> **TASK DIRECTIONS**
Required from the data below: the exact lines starting at the line containing "Śliczna 1,5 r." and ending at the line containing "小浦闪用怎么查询额度（什么是小浦闪用新客户）", with both ends kept and all pictures dropped.

> **Short web captions**
"""

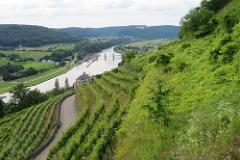 2016 Neckarsteig 01865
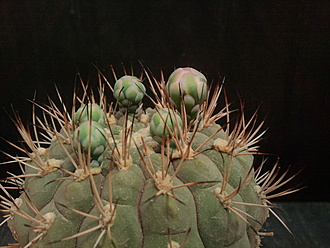 Нажмите на изображение для увеличения.  Название:	Gymnocalycium lagunillasense 4.001.jpg Просмотров:	6 Размер:	191.6 Кб ID:	496485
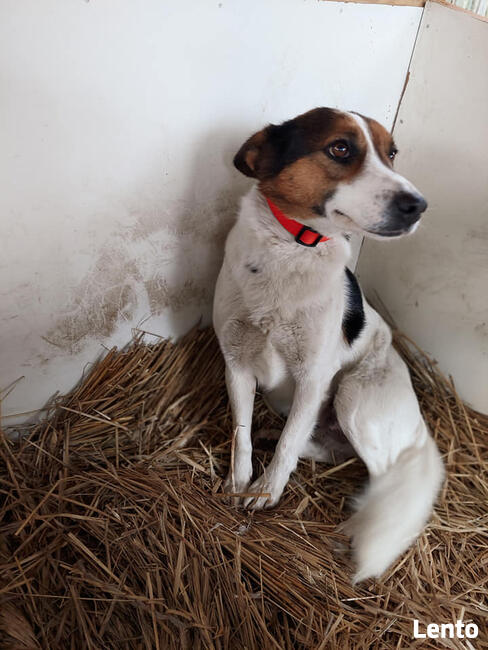 Śliczna 1,5 r. sunia szuka domu Fundacja pomagamy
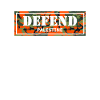 "DEFEND PALESTINE" Camouflage T-Shirt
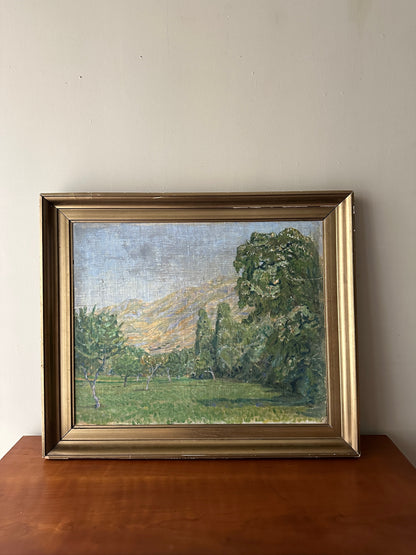Danish landscape, unsigned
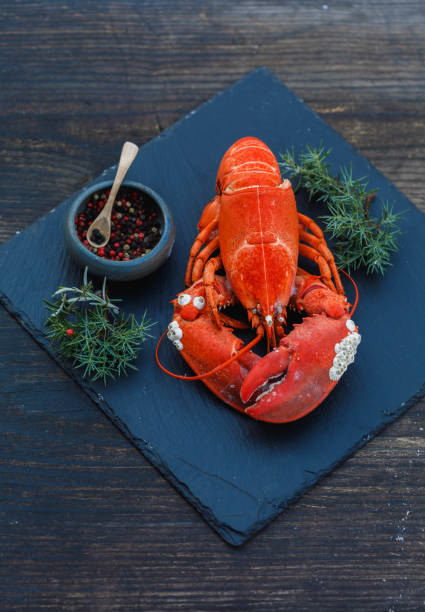 istock Solted Boiled lobster on Classic blue background 1201893325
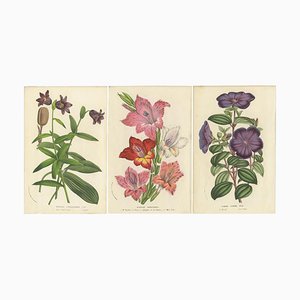 Louis van Houtte, Chocolate Lily, Gladiolus, Tibouchina Elegans, 1857, Estampes, Set de 3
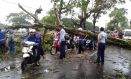 Diguyur Hujan Lebat, Sejumlah Pohon di Tasik Tumbang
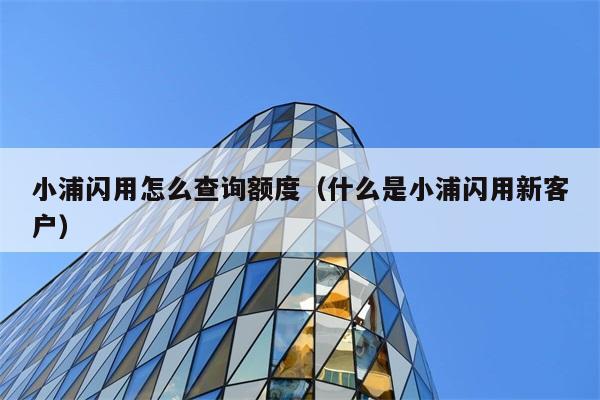 小浦闪用怎么查询额度（什么是小浦闪用新客户） 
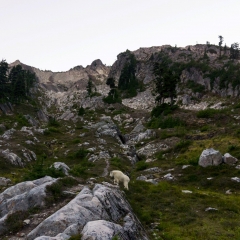 Mountain Goat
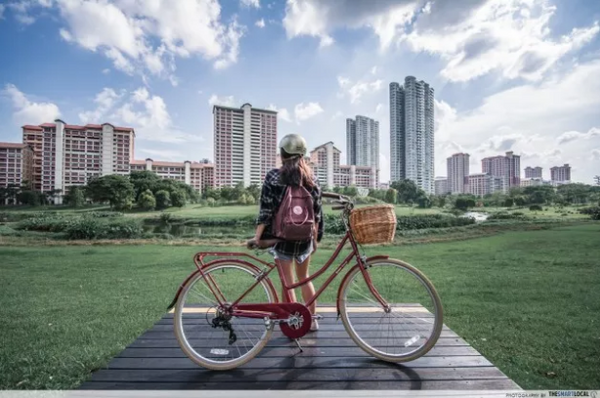 Bobbin Brownie Raspberry at Bishan Park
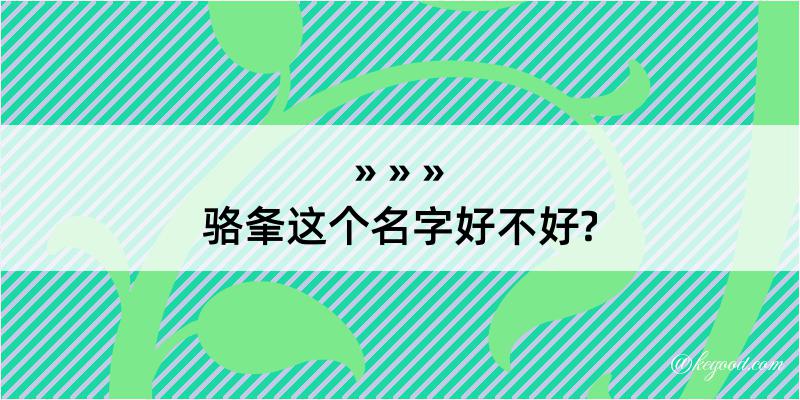 骆夆这个名字好不好?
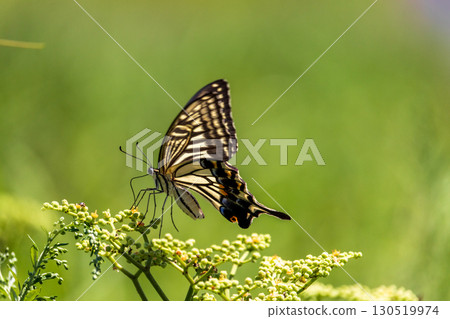Summer insects: swallowtail butterfly 130519974
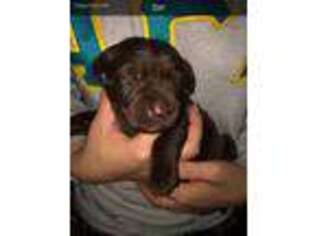 Labrador Retriever Puppy for sale in Marquette, MI, USA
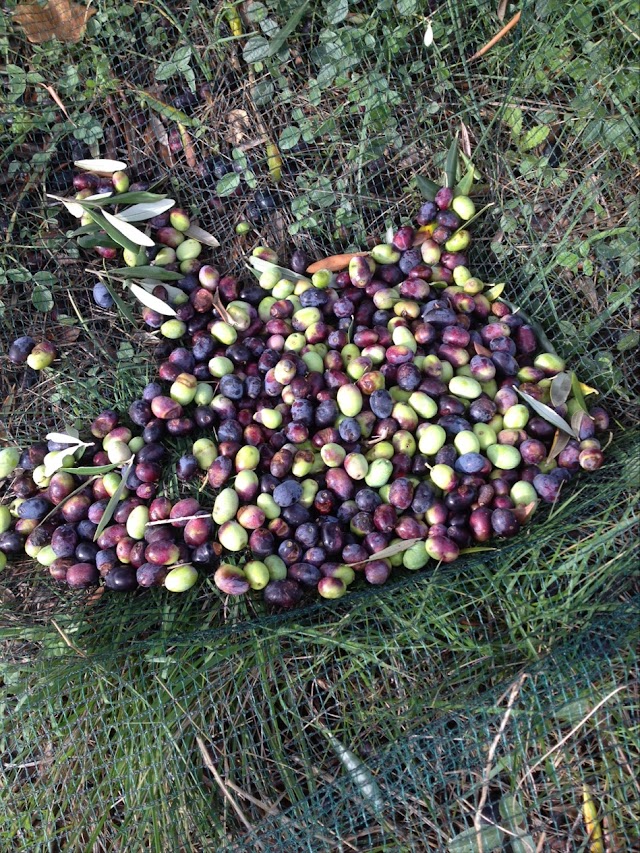 Domaine de Cagueloup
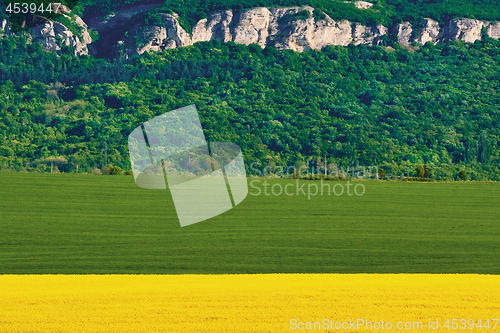 Image of Barley and Rapeseed Field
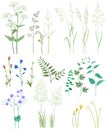 Grass and wild flowers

"""

> **EXERCISE ANSWER**
 Śliczna 1,5 r. sunia szuka domu Fundacja pomagamy
 "DEFEND PALESTINE" Camouflage T-Shirt
Danish landscape, unsigned
 istock Solted Boiled lobster on Classic blue background 1201893325
 Louis van Houtte, Chocolate Lily, Gladiolus, Tibouchina Elegans, 1857, Estampes, Set de 3
 Diguyur Hujan Lebat, Sejumlah Pohon di Tasik Tumbang
 小浦闪用怎么查询额度（什么是小浦闪用新客户） 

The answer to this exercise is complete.